Your task is to find every line in the records that holds the string "with" and copy it.

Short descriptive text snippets
+---+
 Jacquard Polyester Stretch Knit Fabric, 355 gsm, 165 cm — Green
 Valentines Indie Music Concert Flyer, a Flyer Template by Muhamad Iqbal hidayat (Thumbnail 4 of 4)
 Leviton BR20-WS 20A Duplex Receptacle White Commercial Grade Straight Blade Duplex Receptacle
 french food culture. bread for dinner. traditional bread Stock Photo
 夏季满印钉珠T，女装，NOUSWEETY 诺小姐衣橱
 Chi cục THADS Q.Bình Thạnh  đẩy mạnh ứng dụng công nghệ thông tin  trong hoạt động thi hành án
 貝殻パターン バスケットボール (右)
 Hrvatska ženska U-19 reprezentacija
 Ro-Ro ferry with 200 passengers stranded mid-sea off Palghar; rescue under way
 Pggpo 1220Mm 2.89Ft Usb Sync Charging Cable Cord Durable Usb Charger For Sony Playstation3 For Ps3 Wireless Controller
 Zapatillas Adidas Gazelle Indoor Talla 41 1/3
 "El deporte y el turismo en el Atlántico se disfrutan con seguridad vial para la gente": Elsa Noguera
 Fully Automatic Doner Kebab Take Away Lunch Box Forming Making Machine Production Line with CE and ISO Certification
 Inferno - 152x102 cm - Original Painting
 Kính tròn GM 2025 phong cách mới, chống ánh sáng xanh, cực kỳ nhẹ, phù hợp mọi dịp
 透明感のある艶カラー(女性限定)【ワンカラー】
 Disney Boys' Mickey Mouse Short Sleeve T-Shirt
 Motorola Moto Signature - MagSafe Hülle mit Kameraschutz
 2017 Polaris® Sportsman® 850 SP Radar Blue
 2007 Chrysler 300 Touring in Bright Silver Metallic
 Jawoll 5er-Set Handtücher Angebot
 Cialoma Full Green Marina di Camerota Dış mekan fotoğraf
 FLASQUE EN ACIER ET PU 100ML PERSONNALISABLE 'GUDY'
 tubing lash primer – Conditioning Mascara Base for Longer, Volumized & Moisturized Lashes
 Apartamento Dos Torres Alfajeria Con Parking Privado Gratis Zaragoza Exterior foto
+---+
Answer to the exercise:
 Ro-Ro ferry with 200 passengers stranded mid-sea off Palghar; rescue under way
 Fully Automatic Doner Kebab Take Away Lunch Box Forming Making Machine Production Line with CE and ISO Certification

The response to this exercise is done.